__Work required__. Copy the listing below line for line, starting at its first line and ending with the line that has "Fresh prepared smoked" in it. Add nothing.
[[ Records, beginning ]]
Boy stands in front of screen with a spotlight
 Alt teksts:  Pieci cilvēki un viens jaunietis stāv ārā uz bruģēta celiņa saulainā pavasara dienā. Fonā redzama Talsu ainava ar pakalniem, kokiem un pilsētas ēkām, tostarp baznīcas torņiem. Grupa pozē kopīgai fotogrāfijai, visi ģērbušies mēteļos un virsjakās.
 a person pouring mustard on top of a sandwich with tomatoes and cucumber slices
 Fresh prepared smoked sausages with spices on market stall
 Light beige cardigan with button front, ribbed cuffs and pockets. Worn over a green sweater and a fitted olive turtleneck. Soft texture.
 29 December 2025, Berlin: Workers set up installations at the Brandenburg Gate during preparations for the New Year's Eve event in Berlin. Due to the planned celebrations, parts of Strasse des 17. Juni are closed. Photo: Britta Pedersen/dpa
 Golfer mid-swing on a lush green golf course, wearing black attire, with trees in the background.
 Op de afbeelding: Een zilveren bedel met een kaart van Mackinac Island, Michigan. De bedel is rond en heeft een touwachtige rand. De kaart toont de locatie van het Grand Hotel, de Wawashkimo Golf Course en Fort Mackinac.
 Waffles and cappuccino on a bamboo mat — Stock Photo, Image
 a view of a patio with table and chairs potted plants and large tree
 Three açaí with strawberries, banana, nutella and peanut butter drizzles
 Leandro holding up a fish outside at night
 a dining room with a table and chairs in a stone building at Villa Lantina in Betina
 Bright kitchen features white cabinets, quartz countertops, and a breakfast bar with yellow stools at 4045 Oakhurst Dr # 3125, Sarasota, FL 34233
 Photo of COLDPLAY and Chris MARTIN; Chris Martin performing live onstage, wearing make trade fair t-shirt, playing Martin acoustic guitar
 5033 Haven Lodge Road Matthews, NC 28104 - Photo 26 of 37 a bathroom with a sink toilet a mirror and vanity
[[ Records, end ]]
__Answer to this task__.
Boy stands in front of screen with a spotlight
 Alt teksts:  Pieci cilvēki un viens jaunietis stāv ārā uz bruģēta celiņa saulainā pavasara dienā. Fonā redzama Talsu ainava ar pakalniem, kokiem un pilsētas ēkām, tostarp baznīcas torņiem. Grupa pozē kopīgai fotogrāfijai, visi ģērbušies mēteļos un virsjakās.
 a person pouring mustard on top of a sandwich with tomatoes and cucumber slices
 Fresh prepared smoked sausages with spices on market stall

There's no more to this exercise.